Selon l’auteur, le pétrole est ainsi devenu le nerf de la guerre et le fil d’Ariane permettant d’expliquer les stratégies des grandes puissances et les conflits. Il serait un facteur explicatif de la Première Guerre mondiale. Face à la montée en puissance de l’Allemagne, les banques américaines ont financé la guerre, tandis que le Royaume-Uni rivalisait avec les États-Unis pour le contrôle des sources d’approvisionnement en pétrole. Toujours selon l’auteur, avec la confirmation du Cheikh Yamani, le premier choc pétrolier résulterait d’une manipulation d’Henry Kissinger pour opérer un transfert massif de capitaux vers les banques de Londres et de New York. La géopolitique du pétrole serait également à l’origine de l’effondrement de l’Union soviétique, de l’éclatement de la Yougoslavie ou de l’arrivée au pouvoir des talibans en Afghanistan. Plus tard, la décision d’envahir l’Irak permettait d’assurer l’hégémonie de la puissance anglo-américaine.
W. Engdahl traite également des manipulations des opinions et des organisations non gouvernementales. Les mouvements écologistes anti-nucléaires auraient ainsi été financés par les grandes compagnies pétrolières. L’auteur défend la politique d’indépendance pétrolière et la volonté de « casser » le club des majors anglo-saxonnes d’Enrico Mattei, et de l’Europe de l’Atlantique à l’Oural ainsi que la volonté de privilégier le nucléaire du général de Gaulle.
Au-delà de la rhétorique anglo-saxonne, l’ouvrage vise à dévoiler les enjeux cachés et les dessous des cartes. Il est évidemment très éclairant sur ces certains points, notamment sur l’explication du premier choc pétrolier, sur les liens entre l’Arabie saoudite et les États-Unis et sur les guerres d’Irak. Il explique également très clairement comment la décomposition de l’Empire ottoman a conduit à redessiner les frontières dans l’intérêt des Anglo-saxons. Il défend une thèse qui rend la lecture passionnante en dévoilant des dessous de la diplomatie, mais est, faute de sources, moins convaincant sur l’origine des deux guerres mondiales, en adoptant une position pro-germanique et une explication monocausale des origines des conflits.
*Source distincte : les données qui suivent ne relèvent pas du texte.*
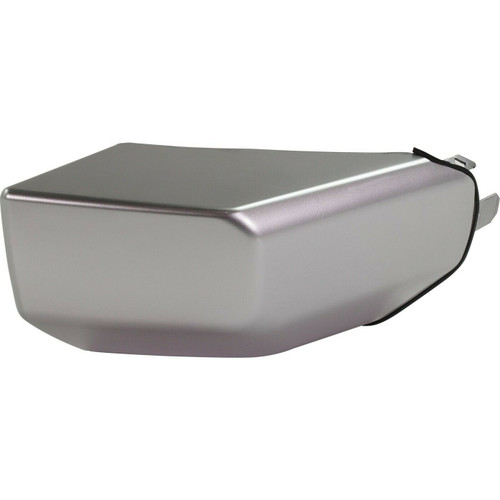 BUMPER END FR RH PAINTED SILVER REPLACEMENT FOR TOYOTA FJ CRUISER 2013 PARTSLINK NUMBER TO1005174 BUMPER END FR RH PAINTED SILVER REPLACEMENT FOR TOYOTA FJ CRUISER 2013 PARTSLINK NUMBER TO1005174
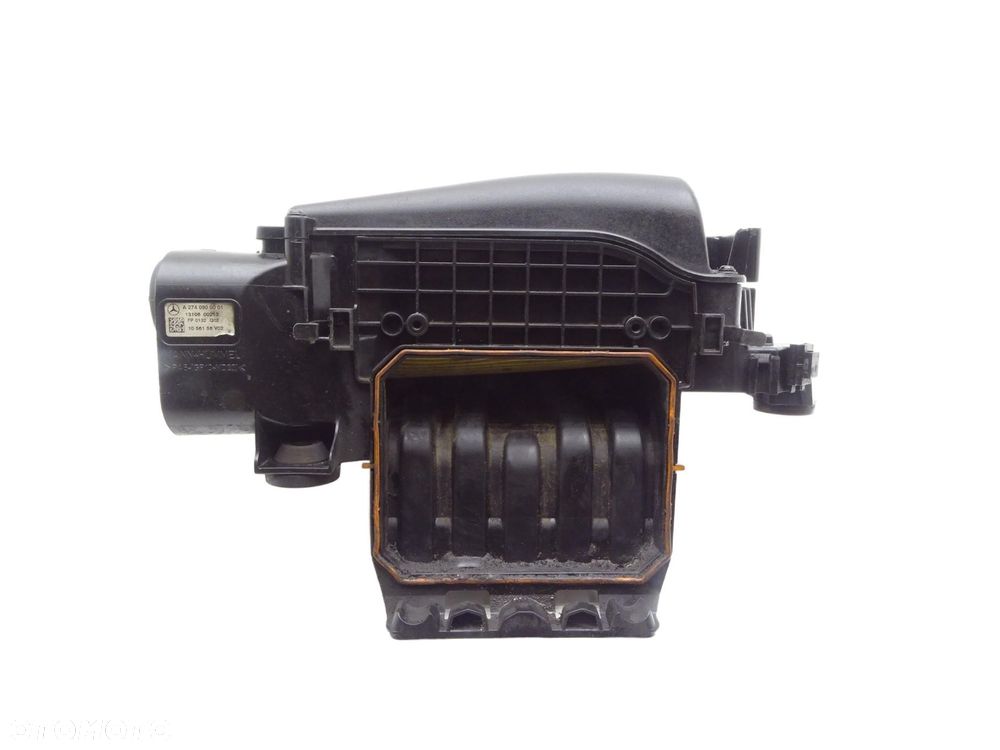 Obudowa filtra powietrza 274910 a2740900001 mercedes c180 w204 1.6 cgi - 1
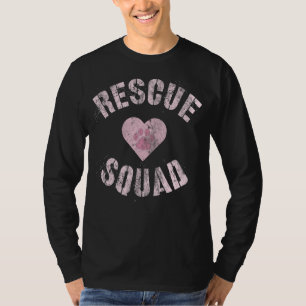 T-shirt Adopter l'équipe de sauvetage des animaux Chats sa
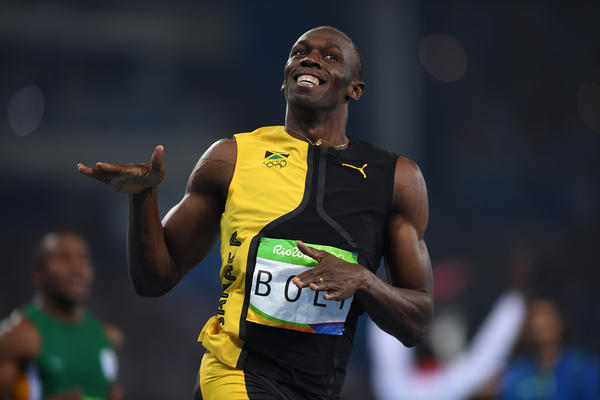 Rio Highlights: Usain Bolt Defends Crown; S. African Sets World 400 ...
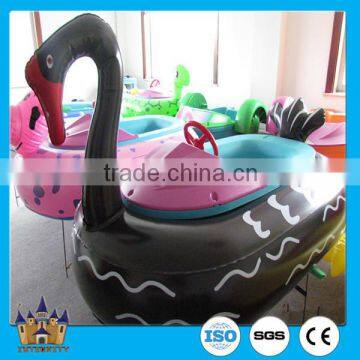 Inflatable kids play boat inflatable electronic bumper boat Inflatable kids bumper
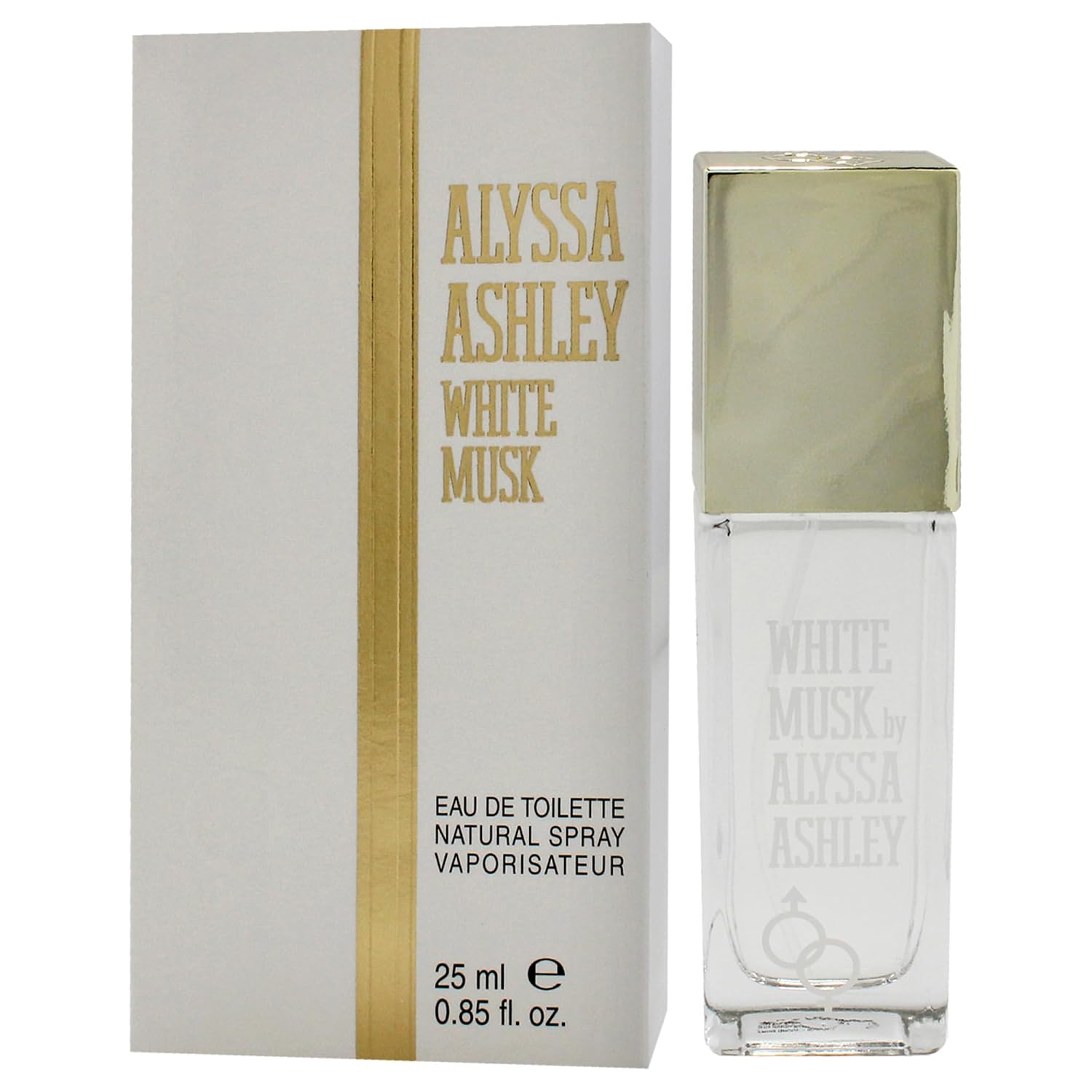 Alyssa Ashley White Musk - Luxurious Perfumes for Women with Sicilian Bergamot and Ylang Ylang - Long Lasting Women Perfume - 3.4 oz EDT Spray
L’ouvrage met l’accent sur les sept majors et leur remise en question par Enrico Mattei et le général de Gaulle, mais ne traite pas du rôle des compagnies et des États des pays émergents. D’autres questions sont occultées, notamment celle du rôle joué par les États-Unis dans le processus de décolonisation en vue de briser le monopole des métropoles, ainsi que celle de la mondialisation des enjeux pétroliers du fait des explorations et des nouvelles technologies d’exploitation. En outre, l’auteur confond trop souvent les intérêts des groupes financiers et de l’industrie pétrolière et les intérêts géostratégiques des puissances politiques. Il cherche à donner une explication rationnelle aux stratégies sans prendre en compte les contradictions, les erreurs, les jeux de contrepouvoirs. En cela, il assimile souvent les conséquences des conflits ayant renforcé les hégémonies anglo-saxonnes avec les déterminants des guerres.
S’il est difficile, faute d’accès aux informations secrètes, de contredire certaines affirmations ou de les relativiser, la lecture de cet ouvrage au regard des évolutions récentes est un moyen de tester la validité de certaines hypothèses. Les États-Unis ne sont plus l’hyperpuissance analysée. Les enjeux climatiques ont pris de l’ampleur et remettent en question les stratégies des groupes pétroliers. La Chine est devenue le rival majeur des États-Unis. Ceux-ci ont été moins dépendants du pétrole du fait des gaz de schistes, et les Démocrates et les Républicains sont divisés sur le rôle des lobbies pétroliers et sur les mesures de réduction du CO2.